[Po4a-devel]Some comments
Jordi Vilalta
jvprat@wanadoo.es
Fri, 4 Jun 2004 13:45:31 +0200 (CEST)
Hello,
On Mon, 24 May 2004, Martin Quinson wrote:
> [...]
> On Fri, May 07, 2004 at 03:43:38PM +0200, Jordi Vilalta wrote:
> > > po4a skips the generation of msgid containing an entity only (or tags only).
> > > It will now issue a warning when such optimizations are done. Thanks for the
> > > repport. [At least this is what I planned, but the msgid containing spaces
> > > along with entities where not detected. This is also fixed]
> >
> > Now it seems to skip this kind of msgids (the version I tried some days
> > ago didn't), but it has an irregular behavior. I've done the following
> > (meaningless) test:
>
> When I redo the test, I got something corresponding to what I expect:
> ====[/tmp/a]====
> <!DOCTYPE article PUBLIC "-//OASIS//DTD DocBook XML V4.1.2//EN"
> "http://www.oasis-open.org/docbook/xml/4.1.2/docbookx.dtd" [
> <!ENTITY chap SYSTEM "chapter1.xml">
> <!ENTITY chap2 SYSTEM "chapter2.xml">
> <!ENTITY aaa "contens of aaa">
> <!ENTITY bbb "contens of bbb">
> <!ENTITY ccc "contens of ccc">
> ]>
>
> <book>
> &chap0;
> &chap;
> &chap2;
> &aaa;
> &chap3;
> &bbb;
> &chap;
> &ccc;
> &aaa;
> </book>
> ====[/tmp/chapter1.xml]====
> [content of chapt1]
> ====[/tmp/chapter2.xml]====
> [content of chapt2]
> ====[generated po file]====
> # SOME DESCRIPTIVE TITLE
> # Copyright (C) YEAR Free Software Foundation, Inc.
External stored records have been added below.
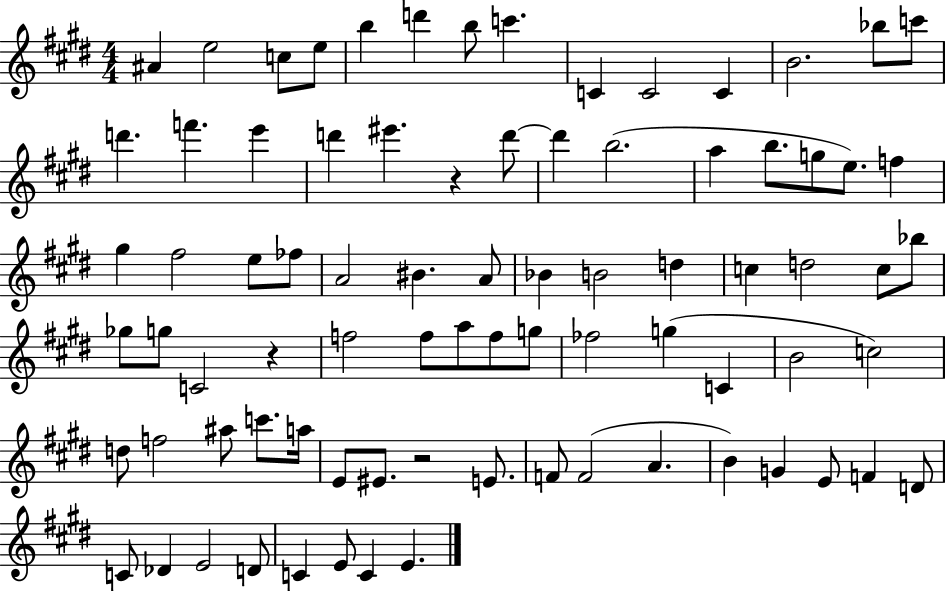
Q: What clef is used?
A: treble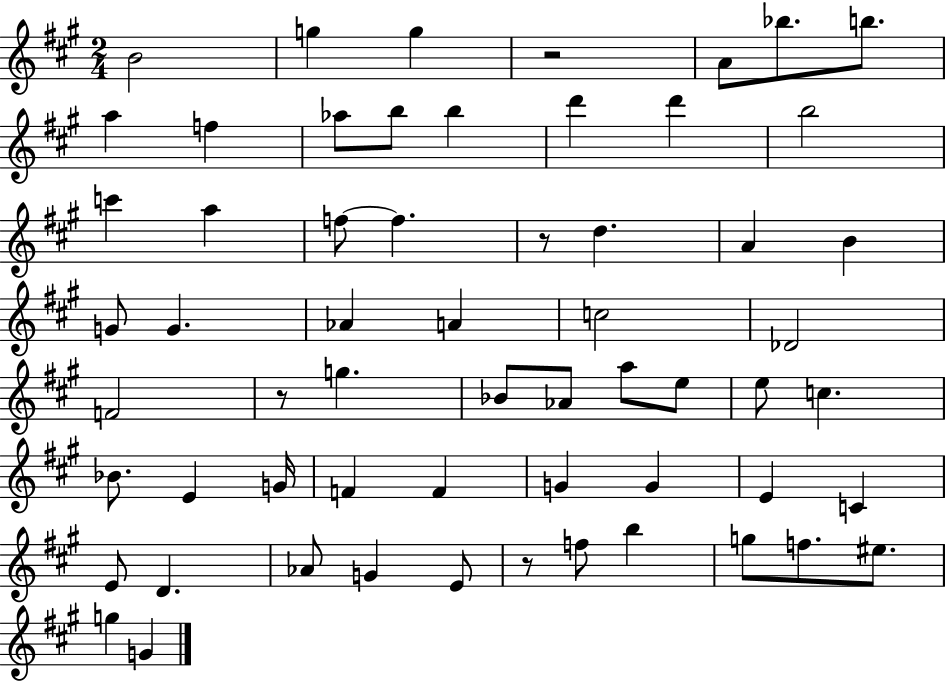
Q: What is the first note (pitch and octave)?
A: B4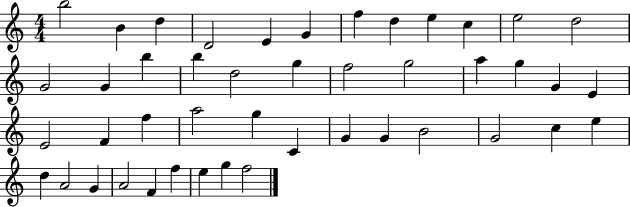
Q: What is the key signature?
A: C major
> # FIRST AUTHOR <EMAIL@ADDRESS>, YEAR.
> #
> #, fuzzy
> msgid ""
> msgstr ""
> "Project-Id-Version: PACKAGE VERSION\n"
> "POT-Creation-Date: 2004-05-24 14:10-0700\n"
> "PO-Revision-Date: YEAR-MO-DA HO:MI+ZONE\n"
> "Last-Translator: FULL NAME <EMAIL@ADDRESS>\n"
> "Language-Team: LANGUAGE <LL@li.org>\n"
> "MIME-Version: 1.0\n"
> "Content-Type: text/plain; charset=CHARSET\n"
> "Content-Transfer-Encoding: ENCODING"
>
> # type: definition of entity &aaa;
> #, no-wrap
> msgid "contens of aaa"
> msgstr ""
>
> # type: definition of entity &bbb;
> #, no-wrap
> msgid "contens of bbb"
> msgstr ""
>
> # type: definition of entity &ccc;
> #, no-wrap
> msgid "contens of ccc"
> msgstr ""
>
> # type: <book></book>
> msgid ""
> "&chap0; [content of chapt1] [content of chapt2] &aaa; &chap3; &bbb; [content "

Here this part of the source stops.